—Oui certes, on doit faire boire le cheval avant de lui donner l'avoine; retiens cela, petit, car c'est une chose importante que bien des gens ignorent. Si au contraire le cheval boit après avoir mangé l'avoine, l'eau entraîne les grains hors de l'estomac avant qu'ils soient digérés complètement, et l'animal est mal nourri. Remarque-le aussi, je ne vais atteler Pierrot qu'une heure après son dîner, parce que je le ferai trotter et qu'on ne doit pas faire trotter un cheval qui vient de manger, si on veut qu'il digère bien sa nourriture.

—Est-ce que tout le monde prend ces précautions, monsieur Gertal?

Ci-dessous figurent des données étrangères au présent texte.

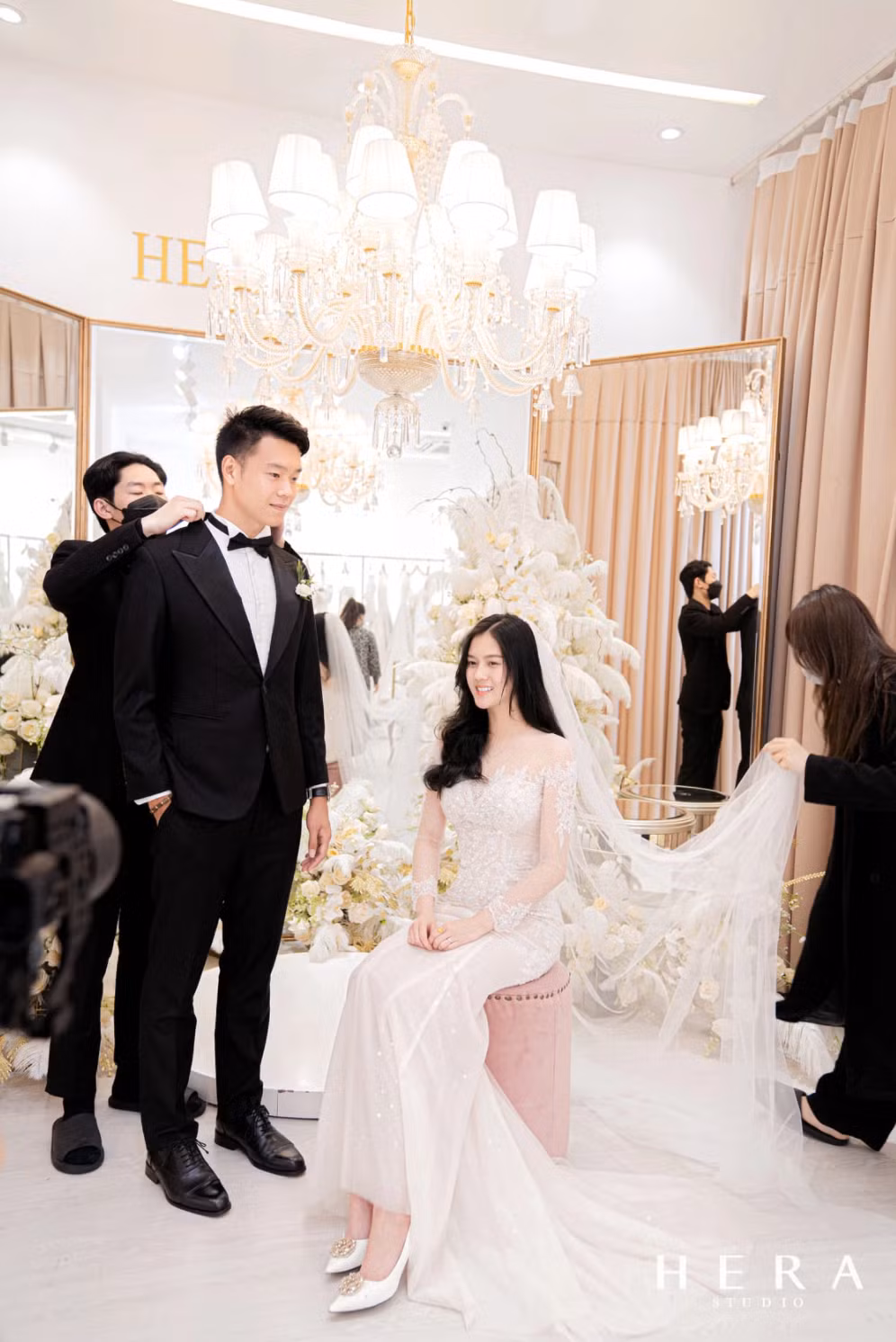 Thành Chung không giấu được niềm hạnh phúc khi sắp được rước nàng về dinh. Anh cười tít mắt bên cô dâu Tố Uyên.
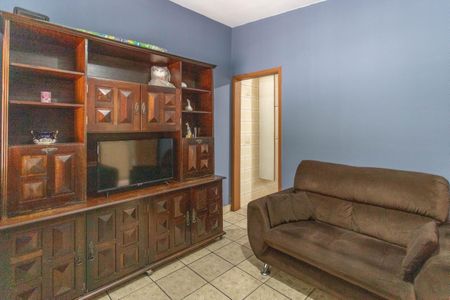 Casa à venda com 118m², 2 quartos e 2 vagas Casa à venda com 118m², 2 quartos e 2 vagasSala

—Non, et il y en a bien d'autres encore que l'on néglige. Les uns remettent sur le cheval le harnais mouillé, qui le refroidit; d'autres négligent de jeter sur son dos une couverture de laine quand ils sont forcés de le faire arrêter et qu'il est en sueur; d'autres le mènent boire quand il est en transpiration, ou lui donnent de l'eau trop fraîche. Tous ceux qui font ainsi agissent contre leurs intérêts. Un cheval mal soigné ne tarde pas à perdre sa vigueur et à tomber malade: c'est une grosse perte, surtout pour les petits marchands comme moi. En toutes choses, le chemin de la ruine, mes enfants, c'est la négligence.

XXXV.—Les montagnes du Jura.—Les salines.—Les grands troupeaux des communes conduits par un seul pâtre.—Associations des paysans jurassiens.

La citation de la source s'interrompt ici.